Pecking Order Review

Pecking Order
During the build-up to the 2015 New Zealand National Poultry Show, the Christchurch Poultry Bantam and Pigeon Club suffers a leadership struggle, threatening to bring down the 148-year institution entirely. Meanwhile we get to meet the chicken-breeding contenders, each vying to win that big trophy.

by Dan Jolin |
Published on
Release Date:

29 Sep 2017

Running Time:

88 minutes

Certificate:

PG

Original Title:

Pecking Order

Chicken breeding, thinks grey-haired Christchurch resident Brett Hawker, is "like alcoholism. You just can't give it up". He adds darkly: "it is hard on the families". Sarah Bunton, a teenaged "chook" fancier admits that her lifelong love of poultry once involved dressing the birds up (cue insert photograph of a nonplussed hen swathed in human duds). "I don't know if they enjoyed it," she admits, "but they looked cute". As Brian Glassey squelches around his coops, the aging, toothless bantam-breeding champ looks down at the ground and announces, "here's a little bugger that's died! That's no use, is it?" He cheerily lifts a limp ex-chick and shrugs. "That's life in the fast lane..."

A delve into a niche interest and those who feel defined by it.

You'd be forgiven for thinking that Brett, Sarah and Brian were stranger-than-life characters in a Christopher Guest mockumentary (played by Ed Begley, Jr., Parker Posey and Guest himself respectively). But director Slavko Martinov's film is a proper, for-real doc — albeit one that comes with a light sprinkling of mock. Not that Martinov’s cruel to his subjects; they're on the whole a likeable bunch, quaintly eccentric and for the most part not unaware that their parochial, subcultural obsession is a little bit odd. So Martinov (whose last film, incongruously, was about North Korean propaganda) keeps the tone jaunty and bright. Meaning he feels obliged to cram in just about every bird-pun conceivable via eye-rolling chapter headings like "A Fowl Wind Blows" and “Who’s Got The Eggs Factor?”.

Hoary puns aside, this is fine when he's dealing with the actual exhibition element — the tone chimes well with the giddy thrill the contestants experience as the big day of the New Zealand National Poultry Show approaches and they diligently groom, pluck, snip, bathe, blow-dry and inspect their Barred Plymouth Rocks and Black Orpington Bantams.

However, this isn’t just a clucky Best In Show (Breast In Show?
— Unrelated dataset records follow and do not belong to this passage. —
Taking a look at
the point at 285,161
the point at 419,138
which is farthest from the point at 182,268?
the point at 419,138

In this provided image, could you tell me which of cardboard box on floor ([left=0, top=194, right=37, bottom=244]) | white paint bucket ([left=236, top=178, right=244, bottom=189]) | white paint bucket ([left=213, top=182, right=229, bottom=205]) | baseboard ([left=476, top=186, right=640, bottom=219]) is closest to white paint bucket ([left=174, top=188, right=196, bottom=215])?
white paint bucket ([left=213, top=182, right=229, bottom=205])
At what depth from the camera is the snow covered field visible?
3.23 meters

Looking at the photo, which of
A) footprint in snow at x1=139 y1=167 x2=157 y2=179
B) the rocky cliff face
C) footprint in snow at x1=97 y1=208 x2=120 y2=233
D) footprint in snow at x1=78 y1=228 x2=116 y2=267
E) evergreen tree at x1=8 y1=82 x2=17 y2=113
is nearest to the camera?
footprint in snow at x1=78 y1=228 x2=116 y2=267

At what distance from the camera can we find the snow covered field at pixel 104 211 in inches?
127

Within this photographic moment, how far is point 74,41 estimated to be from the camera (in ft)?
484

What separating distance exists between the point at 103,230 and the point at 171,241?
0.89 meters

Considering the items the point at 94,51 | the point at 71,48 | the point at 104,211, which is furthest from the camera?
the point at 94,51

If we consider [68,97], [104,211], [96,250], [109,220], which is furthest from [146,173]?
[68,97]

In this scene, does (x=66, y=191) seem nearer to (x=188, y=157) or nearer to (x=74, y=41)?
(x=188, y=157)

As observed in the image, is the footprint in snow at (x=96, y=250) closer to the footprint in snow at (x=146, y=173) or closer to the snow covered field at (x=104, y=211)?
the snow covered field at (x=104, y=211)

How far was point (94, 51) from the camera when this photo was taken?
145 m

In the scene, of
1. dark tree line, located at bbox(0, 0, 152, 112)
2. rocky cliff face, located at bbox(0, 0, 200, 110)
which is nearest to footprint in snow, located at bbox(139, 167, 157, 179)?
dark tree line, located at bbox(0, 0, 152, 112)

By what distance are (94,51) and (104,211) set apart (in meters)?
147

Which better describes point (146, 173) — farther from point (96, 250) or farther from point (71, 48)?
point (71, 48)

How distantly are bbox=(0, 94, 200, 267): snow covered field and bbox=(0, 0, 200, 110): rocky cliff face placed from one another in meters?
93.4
No, that’s too rubbish, even for Martinov). The Christchurch Poultry Bantam and Pigeon Club, it’s soon revealed, is suffering a constitutional crisis. During their meetings (in a pokey side-office at a Table Tennis club) we observe a developing schism: between the traditionalists, fronted by rheumy club president Doug Bain, and a vocal clique of modernists who crave “young blood” in the form of amiable, self-effacing fortysomething Mark Lilley. Martinov’s persistent punnery and overuse of upbeat, twangy folksy music suggests he’s inviting us to see this all as a wee bit silly. But at the same time, in a have-his-cake-and-eat-it gambit, he’s using this small-scale power struggle to try and rev up the film’s dramatic engine.
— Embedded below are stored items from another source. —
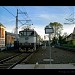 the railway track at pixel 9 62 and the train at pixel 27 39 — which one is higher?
the train at pixel 27 39

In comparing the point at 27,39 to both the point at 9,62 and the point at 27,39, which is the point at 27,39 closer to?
the point at 27,39

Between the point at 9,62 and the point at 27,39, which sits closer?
the point at 9,62

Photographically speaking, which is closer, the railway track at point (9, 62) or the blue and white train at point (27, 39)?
the railway track at point (9, 62)

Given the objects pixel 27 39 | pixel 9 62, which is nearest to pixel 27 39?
pixel 27 39

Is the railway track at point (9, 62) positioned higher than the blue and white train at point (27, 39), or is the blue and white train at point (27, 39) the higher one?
the blue and white train at point (27, 39)

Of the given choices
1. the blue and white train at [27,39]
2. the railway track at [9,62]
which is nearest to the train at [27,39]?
the blue and white train at [27,39]

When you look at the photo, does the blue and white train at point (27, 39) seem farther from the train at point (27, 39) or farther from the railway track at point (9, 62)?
the railway track at point (9, 62)

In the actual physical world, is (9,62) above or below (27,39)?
below

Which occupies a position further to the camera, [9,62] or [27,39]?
[27,39]

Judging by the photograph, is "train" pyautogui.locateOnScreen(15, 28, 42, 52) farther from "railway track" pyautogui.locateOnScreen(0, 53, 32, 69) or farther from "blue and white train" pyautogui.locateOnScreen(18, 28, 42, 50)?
"railway track" pyautogui.locateOnScreen(0, 53, 32, 69)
It doesn’t quite work. In fact, it’s *Pecking Order’*s least interesting aspect, meaning we spend more time watching these passionate chook-heads stifling yawns in a beige-walled room than we do observing them with their (genuinely impressive) animals and learning about their poultry-preening craft. Besides, Martinov never makes clear what the dissolution of the club would actually mean, at least in the context of the big show. How much difference would it make to all these Christchurch-based competitors? There is a quiet, gentle micro-tragedy to Doug Bain’s fall from grace, but it would have been good to see more of Sarah Bunton’s journey, or more closely follow Mark’s pre-teen son Rhys, who is an apparent bantam-breeding prodigy. For all the interesting characters and vibrant-feathered birds featured here, Pecking Order feels a little too lacking in colour.

A sufficiently engaging delve into a niche interest and those who feel defined by it. But one which, narratively at least, backs the wrong gamecock.